DATASET ENTRIES >>
* * * * *
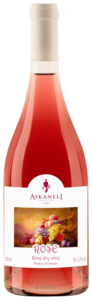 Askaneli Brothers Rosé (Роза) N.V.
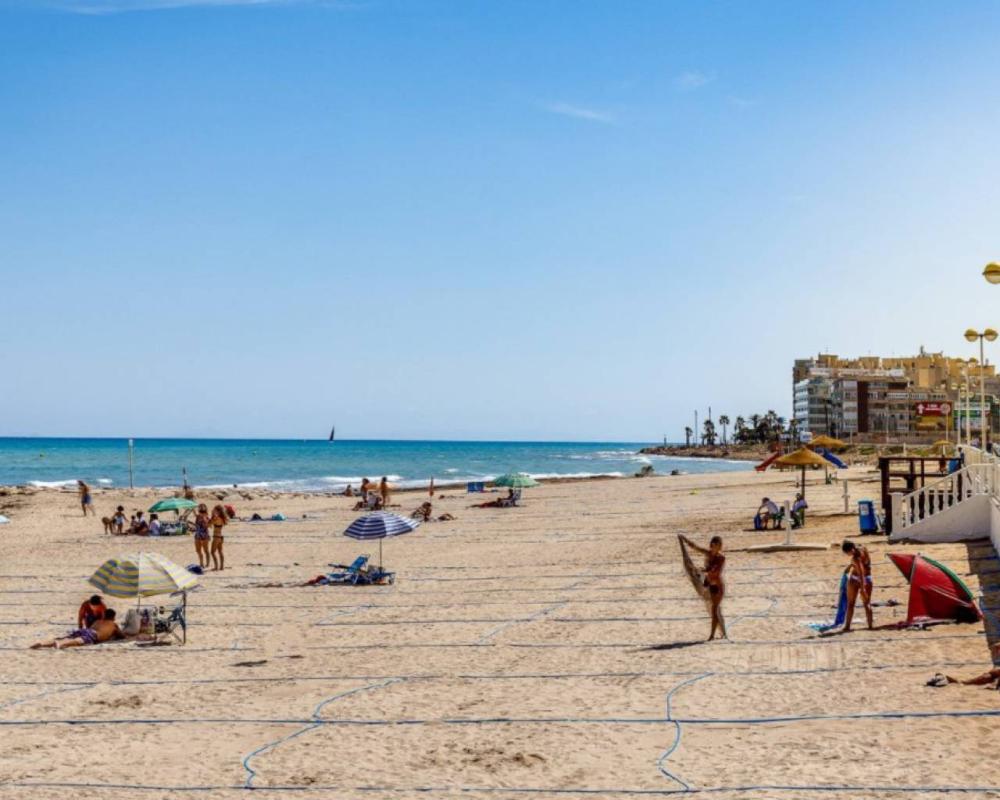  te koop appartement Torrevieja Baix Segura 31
* * * * *
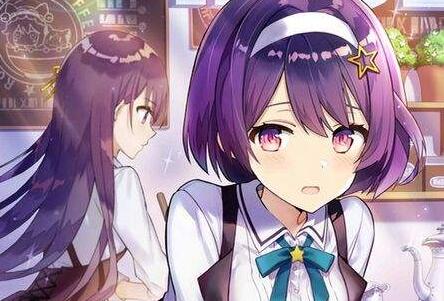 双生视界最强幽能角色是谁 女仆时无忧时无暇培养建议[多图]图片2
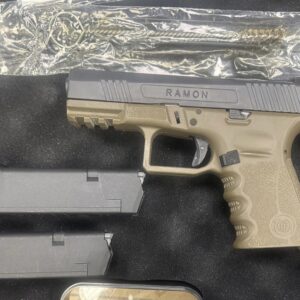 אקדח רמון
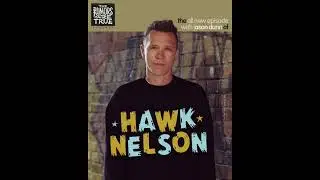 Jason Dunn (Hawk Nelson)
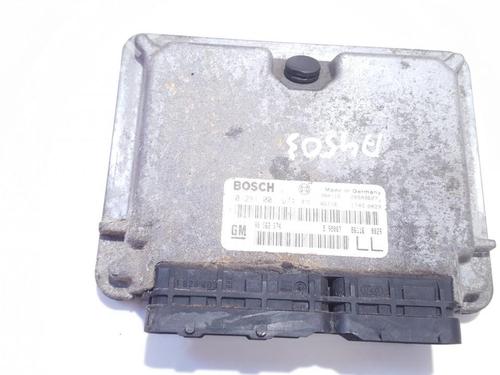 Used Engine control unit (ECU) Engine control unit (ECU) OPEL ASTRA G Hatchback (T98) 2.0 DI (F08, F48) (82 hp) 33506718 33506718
* * * * *
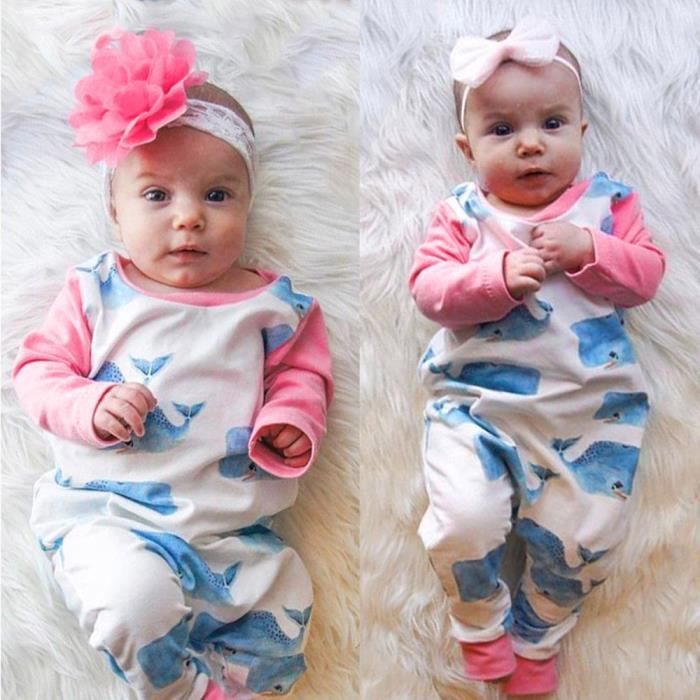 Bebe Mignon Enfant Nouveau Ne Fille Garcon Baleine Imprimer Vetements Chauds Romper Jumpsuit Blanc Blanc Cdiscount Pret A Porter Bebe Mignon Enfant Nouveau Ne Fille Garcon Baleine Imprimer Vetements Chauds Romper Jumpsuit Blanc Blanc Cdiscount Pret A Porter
* * * * *
ASSIGNED TASK >>
Give back exactly the lines of the listing above from the one that contains "Askaneli Brothers Rosé (Роза) N.V." up to and including the one that contains "te koop appartement", but not the pictures, and no other lines.

WORKED SOLUTION >>
 Askaneli Brothers Rosé (Роза) N.V.
  te koop appartement Torrevieja Baix Segura 31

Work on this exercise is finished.